Governor Kevin Stitt announced today that out of an abundance of caution he is activating over 75 members of the Oklahoma National Guard (OKNG) to assist local law enforcement should any protests at the State Capitol, or other locations, turn violent.
“I support the right for Oklahomans to peacefully demonstrate, but we will not tolerate violence or damage to property,” said Gov. Stitt. “At the request of the Oklahoma Highway Patrol, the National Guard has been authorized to provide support as needed. These hardworking Oklahomans are our friends and neighbors who step up in times of need. Any violence and damage to property goes against the Oklahoma Standard and is a distraction designed to keep us from uniting together.”
Members of the guard will be activated from Saturday, Jan. 16 to Thursday, Jan. 21. No specific, credible threats have been identified in Oklahoma, but increased safety measures are being taken in a proactive response to intelligence shared by federal law enforcement regarding state capitol buildings across the country.
“The Oklahoma Highway Patrol and the Oklahoma National Guard have trained together to be prepared for the type of events that may be happening over the next week,” said DPS Commissioner John Scully. “Cooperation with our partners is essential and we appreciate the collaboration within the law enforcement and military community. Our goal is to protect peaceful demonstrators while also protecting lives and preventing the destruction of property.”

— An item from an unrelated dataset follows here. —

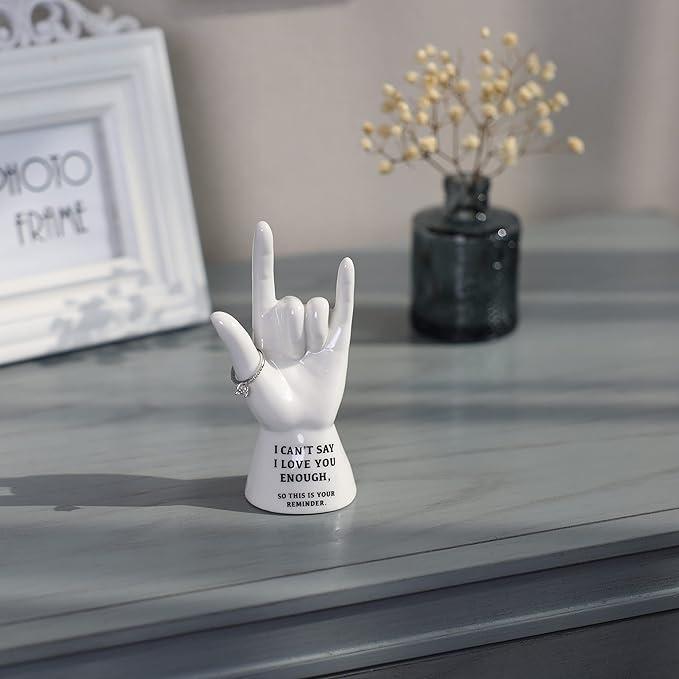 Hand Ring Holder-Mother's Day Gifts-Valentines's Day Gifts for Her,Girlfriend,Women,Mom,Nana-I Love You Gifts for Boyfriend,Him-I Can't say I Love You Enough,So This is Your Reminder (X0038VWD1N)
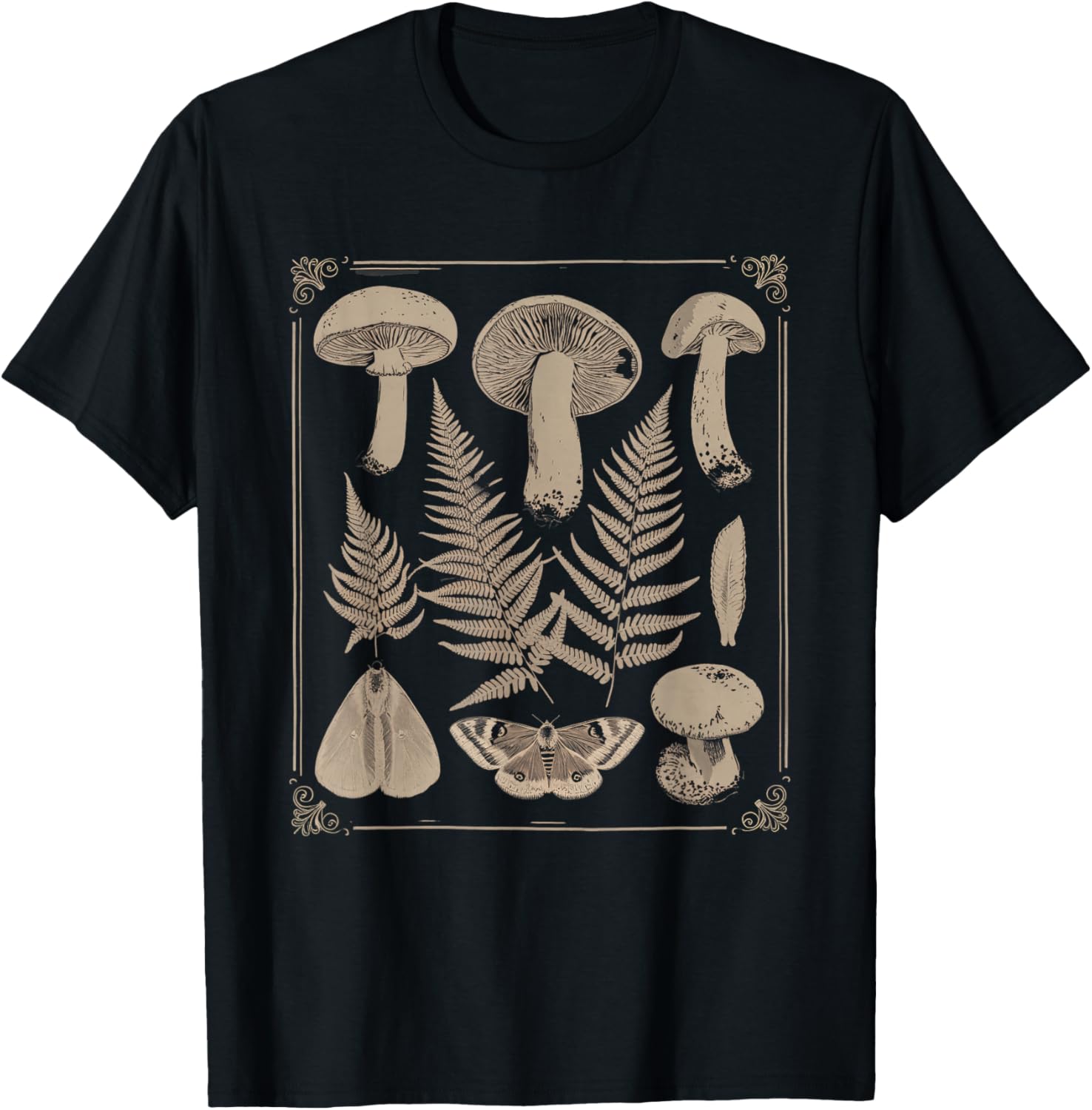 Fairycore Butterfly Grunge Therian Moth Floral Aesthetic T-Shirt - T-Shirt | Black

The OKNG, like most states and territories, maintains a National Guard Reaction Force (NGRF) year-round. The main purpose of the NGRF is to come to the aid of Oklahomans following a natural disaster, such as a tornado or flood. The NGRF’s secondary mission is support to law enforcement.
The NGRF was most recently mobilized and deployed to Tulsa this past summer to assist local law enforcement when President Donald Trump held a campaign event near downtown. Due in great part to the well-coordinated efforts of the OHP, the OKNG and local law enforcement, demonstrations remained civil with no notable damage to property, loss of life or violent altercations.
“Oklahoma’s NGRF is comprised of men and women from our communities. Their job is to protect their fellow Oklahomans, support the right to peaceful demonstration and prevent loss of life and property,” said Maj. Gen. Michael Thompson, the adjutant general for Oklahoma.